Transcribe the listing below in its entirety, exactly.

*** Opening Task material ***

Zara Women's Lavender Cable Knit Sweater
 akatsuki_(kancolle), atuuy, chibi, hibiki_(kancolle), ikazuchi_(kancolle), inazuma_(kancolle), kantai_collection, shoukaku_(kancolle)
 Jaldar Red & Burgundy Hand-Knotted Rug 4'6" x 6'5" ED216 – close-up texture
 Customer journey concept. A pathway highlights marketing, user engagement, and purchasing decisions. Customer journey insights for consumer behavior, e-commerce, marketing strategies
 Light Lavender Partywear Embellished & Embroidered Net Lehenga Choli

*** Closing Task material ***

Solved exercise
Zara Women's Lavender Cable Knit Sweater
 akatsuki_(kancolle), atuuy, chibi, hibiki_(kancolle), ikazuchi_(kancolle), inazuma_(kancolle), kantai_collection, shoukaku_(kancolle)
 Jaldar Red & Burgundy Hand-Knotted Rug 4'6" x 6'5" ED216 – close-up texture
 Customer journey concept. A pathway highlights marketing, user engagement, and purchasing decisions. Customer journey insights for consumer behavior, e-commerce, marketing strategies
 Light Lavender Partywear Embellished & Embroidered Net Lehenga Choli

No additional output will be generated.